William Burroughs was in and out of London from the mid-50s through to 1974 and for several years quite settled in a flat near Piccadilly. During this latter time he developed and refined the techniques he used for creating cut-ups on tape, working closely with Ian Sommerville, who helped acquire the various tape recorders that Burroughs used and abused in these experimental works.
The work here is in 2 sections, which in their original form lasted for over an hour and first appeared in 1998 under the name Electronic Revolution as a free CD with French magazine Crash.
This edition is edited down to 46 minutes and comprises the core of the original recording.
It employs the now familiar techniques of random drop-ins and cut-ups of readings. The readings themselves also being cut-ups of words on the page.
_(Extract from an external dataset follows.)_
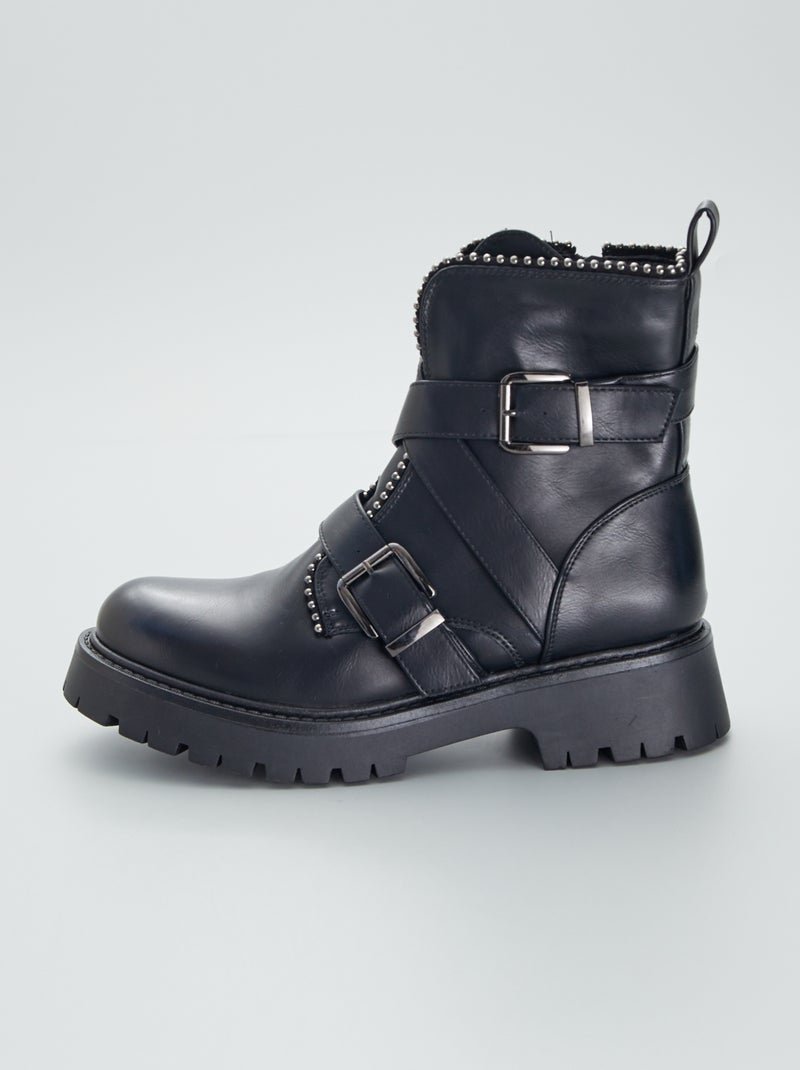 Botines de material sintético estilo 'Rangers' negro - Kiabi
The first section of the tape uses further processing by means of a 2nd tape recorder. Recorded in Duke Street in 1968, the tape was then passed on to Brion Gysin in Paris where it remained in his archive until 1998.
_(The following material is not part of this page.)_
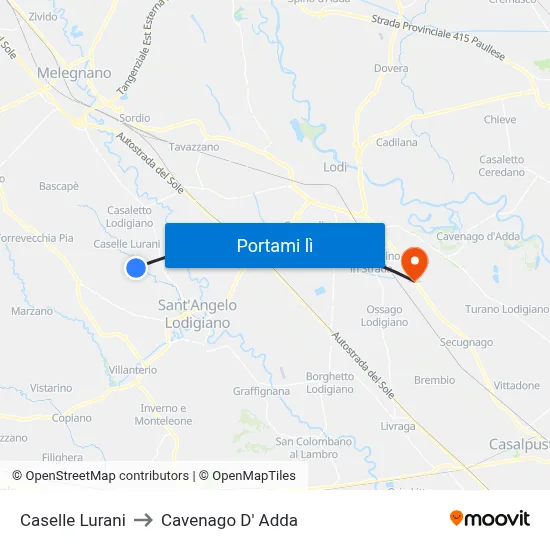 Caselle Lurani to Cavenago D' Adda map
Closer to a work of sound poetry than anything literary. Includes a 12"x12" insert with an essay by Ben Harper and several previously unseen portrait photos of Burroughs taken by Harriet Crowder
William S. Burroughs was an American author and one of the founding figures of the Beat Movement. He is cited as a major influence on countercultural figures in the world of music as well and worked on several recording projects.